Please make sure what you return matches the listing below exactly, minus its pictures.
[Data shown Boundary: Start]
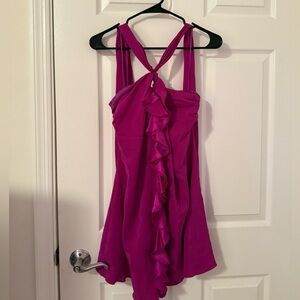 Thread Social Vibrant Purple Ruffle Dress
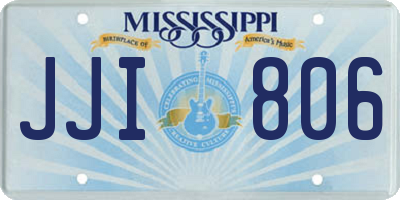 MS license plate JJI806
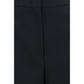 Black Cotton Casual Pants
[Data shown Boundary: End]
## Task response
 Thread Social Vibrant Purple Ruffle Dress
 MS license plate JJI806
 Black Cotton Casual Pants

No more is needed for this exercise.